2023 Contest17 min read3,641 wordsView original

“Glamour,” as defined by Postrel, is probably more important for you to understand than you think.

Before reading the book, the concept of glamour almost never appeared on my personal radar screen. I am rational. Non-status-seeking. Sober minded. When I search the word, the links that pop up are not of interest to me. Not Glamour Magazine with its “Latest Fashion Trends” or “celebrity beauty secrets,” nor the articles such as “Many are speaking out against TikTok’s AI powered ‘Bold Glamour’ filter,” and “Bella Hadid Just Debuted A New Fringe & We Don’t Know What To Call It – See Photos.”

When I do an image search on the word, a surprising number of motorcycles appear - more often than perfumes. Even the motorcycles hold no interest for me, despite the fact that I am male and probably in the target audience for that particular manifestation of glamour. Did I mention that I am rational and sober minded?

I have a policy of, at least once in a while, randomly trying a movie, a piece of music, or a book precisely because it doesn’t fit the normal profile of movies, music, books that appeal to me. I think this is due to my respect for the principle of diminishing returns. It’s hard to be surprised by whatever your “usual” stuff is, so it pays to break out of those ruts. Virginia Postrel’s The Power of Glamour was that type of book for me. It paid off.

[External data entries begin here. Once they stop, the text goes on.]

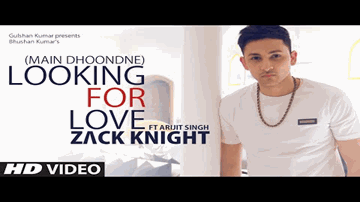 Looking For Love (Main Dhoondne) Lyrics - Arijit Singh | Zack Knight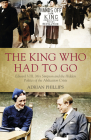 The King Who Had to Go: Edward VIII, Mrs Simpson and the Hidden Politics of the Abdication Crisis By Adrian Phillips Cover Image
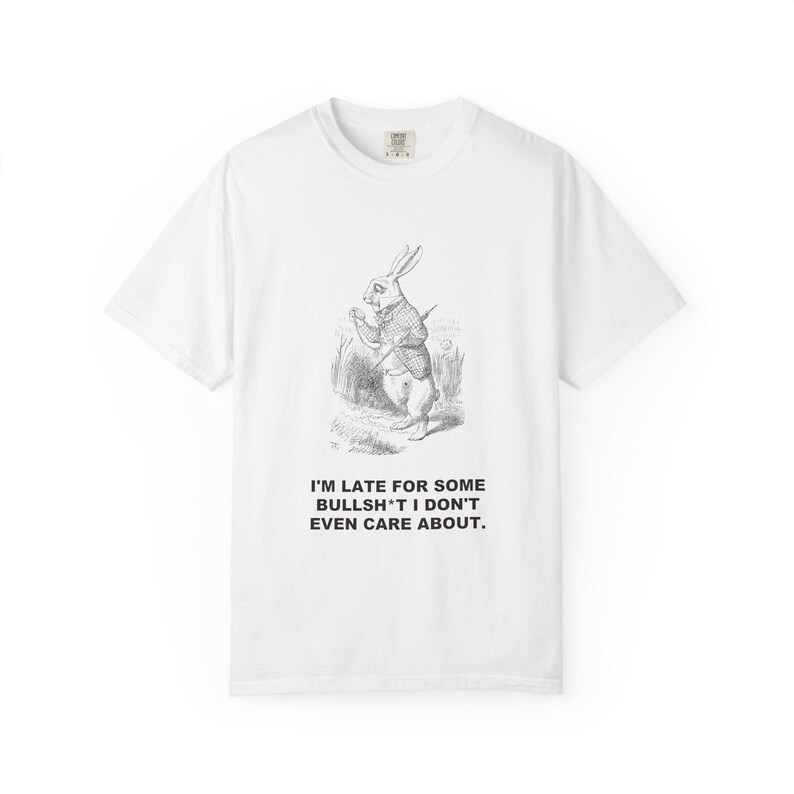 I'm Late for Some Bullsh*t I Don't Even Care About — Vintage White Rabbit Tee image 2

If we were to make a Venn diagram showing “Postrelian glamour” on the one hand and the traditional version on the other, there is indeed an area of intersection. But it is not a big overlap. And Postrel’s glamour is the larger and deeper of the two ideas. My sober-mindedness largely protects me from the effects of the traditional version. From the more important Postrelian glamour? Not so much.

The Model

The book begins by introducing us to four year old Mabinty Bantura, who, while living in a Sierra Leone orphanage, sees a picture of a beautiful ballerina in a magazine. To Mabinty, this picture was glamorous. It would inspire her and drive her, dictating decision after decision on her path to becoming Michaela DePrince, a professional ballerina in New York City.

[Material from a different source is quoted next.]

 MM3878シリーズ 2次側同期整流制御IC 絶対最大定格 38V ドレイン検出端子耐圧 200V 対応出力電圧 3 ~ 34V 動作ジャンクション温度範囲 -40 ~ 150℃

Postrel calls glamour a form of “nonverbal rhetoric,” which provokes behavior via an emotional response. Just as a joke may lead to your laughter, the thing you find glamorous (regardless of whether you think of it that way or use that word) produces a “... pang of projection, admiration, and longing.” Michaela saw the picture, knew that it would be wonderful if it were a picture of herself, and longed to become that person.

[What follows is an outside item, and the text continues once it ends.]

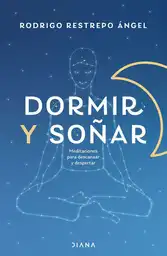 Dormir y Soñar - Restrepo Rodrigo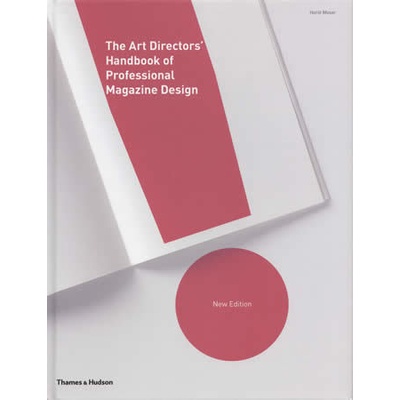 The Art Directors\' Handbook of Professional Magazine Design - Horst Moser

How did glamour do that? By making Michaela envious? By slashing her self-esteem so she felt the need to buy the right clothes and shoes to make herself feel better? Postrel addresses critics who take this or similar positions. But those interpretations of glamour, she says, are far less interesting than what actually drove Michaela. Thus begins the deep dive into Postrelian glamour and what distinguishes it from luxury, charisma, romance and other concepts. And how it drives (and is driven by) social evolution.

Here is my outline of Postrel’s model and vocabulary:

  • Glamour is what connects an audience (which can be an individual) with a “totem” (image, concept, or some other item including a “celebrity”).

  • For an audience to be susceptible to glamour, the audience must have an “inarticulate longing.” An inarticulate desire. Let’s call it the “ID.” Maybe for Michaela it is to rise out of her impoverished situation in Sierra Leone.

  • What Postrel calls “nonverbal…images, concepts, and totems” I will simply call the “totem.” Postrel insists it must be nonverbal. Concepts made up of a bunch of words must be “perceived and remembered as emotionally resonant snapshots” in order to become a totem. In the Michaela example, the totem is the photograph.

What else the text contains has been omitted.